By default, the UMC is trading conversation for trials. Trials, by their
nature, preclude the possibility of sitting together and conversing. Instead,
pleas will be entered, motions will be made, positions will be argued, and a
verdict will be handed down. There will be winners and losers. News
organizations, within and without the church, will broadcast the news, and
people in living rooms around the world will pass their own verdicts on our
church, based on the snippets that are reported to them.
The trial process is not
conversation.
In the meantime, in our churches and in our pews, a
grandmother will find out that a beloved grandchild is gay. A church member, after months of intentional
relationship-building with a non-churched friend, will find new levels of
distrust of her church from the person she is trying to reach. A lifelong
Methodist who has stayed with his home church all of his life in spite of his
sexual orientation will have to decide once more if it is worth it, if there is
room for him in his childhood church.
In the meantime, in our churches and in our pews, an
evangelist who wants to focus on winning souls to Christ will pray for an end
to the distraction. A political
conservative who is weary from fighting the culture wars at the ballot box will
find no rest for his soul in his church. A Biblical literalist will have to
decide once more if it is worth it, if there is room for him in his childhood
church.
In the meantime, one pastor looks out at her congregation,
full of everyone named above, and wonders where to go from here. Is it
possible, by the grace of God, to create conversation around such difficult
topics? Or is the very nature of the conversation
too volatile to bring up? Is the risk too great? Will more people leave because either we’re
too liberal or we’re too conservative? I
began these thoughts with the words, “for those of you paying attention,” and I
have to confess that I have been hoping that no one is paying attention. The risks
seem so great, even to write an article such as this one.

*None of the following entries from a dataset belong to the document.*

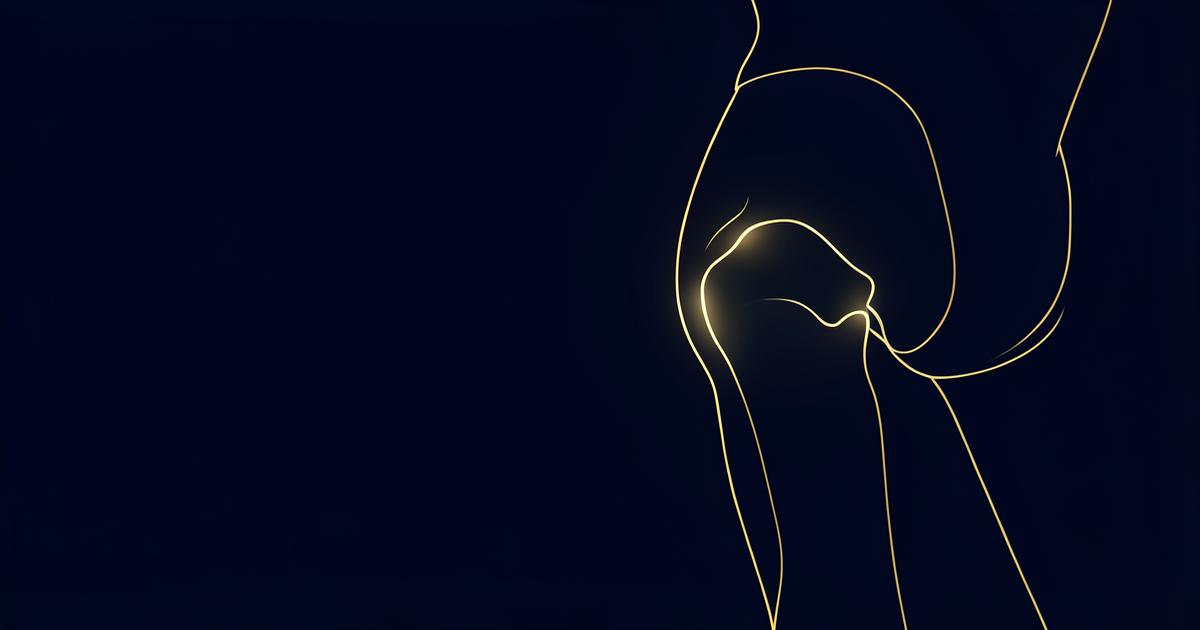 Borsite trocanterica: il dolore sul lato dell'anca che non lascia dormire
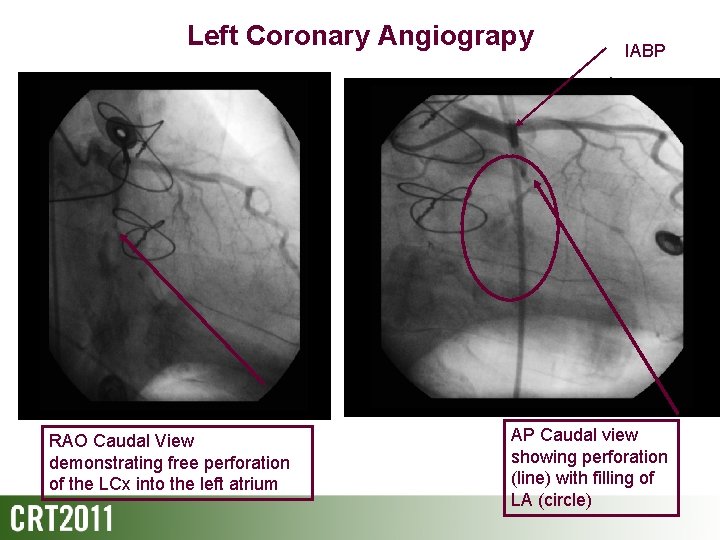 Left Coronary Angiograpy RAO Caudal View demonstrating free perforation of the LCx into the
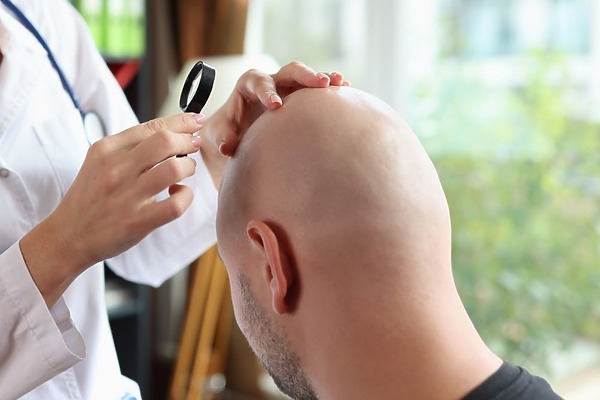 Scarring Alopecia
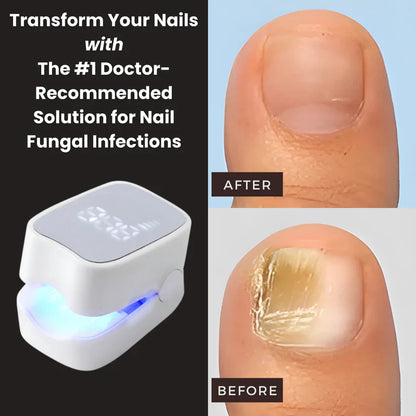 unicart™ - Nail Fungus Laser Device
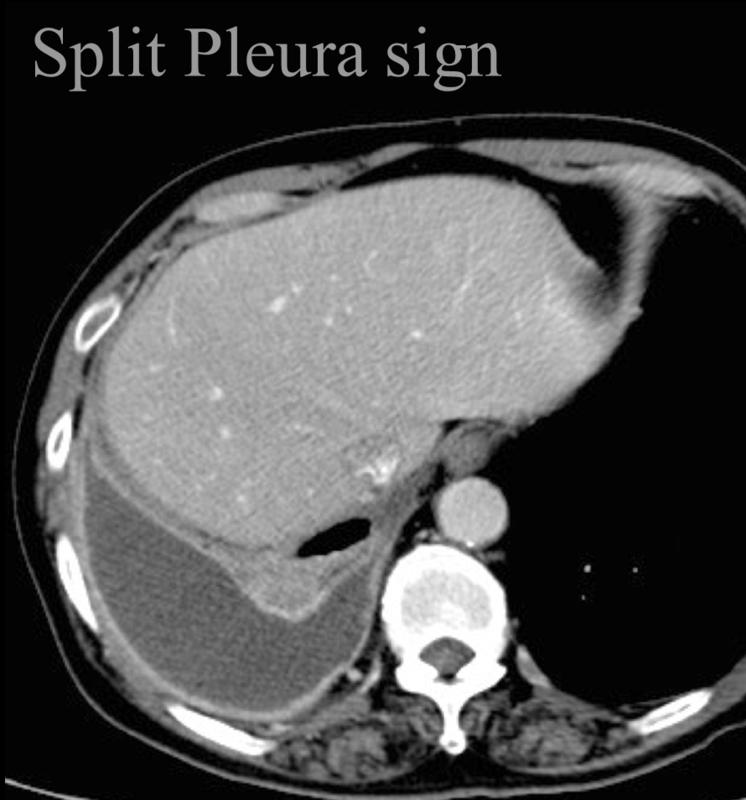 Split pleura sign
Empyema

But is our only hope as we muddle through this mess that no
one actually notices? Surely there is a better way.
Here’s what I believe. I believe that there is room for us
all in this church, both my congregation and the larger UMC. We may frustrate
each other from time to time. We may not always understand one another. Our passionate convictions may run counter to
those of the person sitting beside us. Sometimes, we may all get on each other’s
nerves.
But when we’re at our best, we’re all in it together. I’ve seen it happen. I’ve seen gay church
members working alongside adamantly straight (for lack of a better descriptor)
church members, laughing and talking. I’ve seen people pray together in pairs,
knowing that they voted in exactly the opposite ways the last time they were at
the polls. I’ve seen a church surround a beloved former pastor with love when
he lost not one, but two, gay sons to the scourge of AIDS. I know these things are true. I have seen them
with my own eyes.
Yes, there are big things we need to talk about. Change is
happening so rapidly, and the size and the increasingly global scope of the UMC
make it complicated for us to try to respond to- much less offer leadership in-
these changes. I have my own ideas about how we are called to live out Christ’s
love (if I were SupremeRulerForLifeOfAllThatISee), but all of my ideas start
with the same thing:
We need to be able to talk to one another, to pray for one
another, to learn to love one another. Until we can do those things better, our
future on this issue will continue to be complicated and divisive. Sadly, church trials are not likely to lead
us in a healing direction.
In the meantime, all I know how to do is to pay attention. I will pay attention to how I keep showing love to everyone that God sends my way. I’ll just keep paying attention and practicing love, and I'll hope others will join in too. And when the day comes that we come together and get it right, then I hope that the world will pay attention to all the good stuff that those crazy Christians are up to.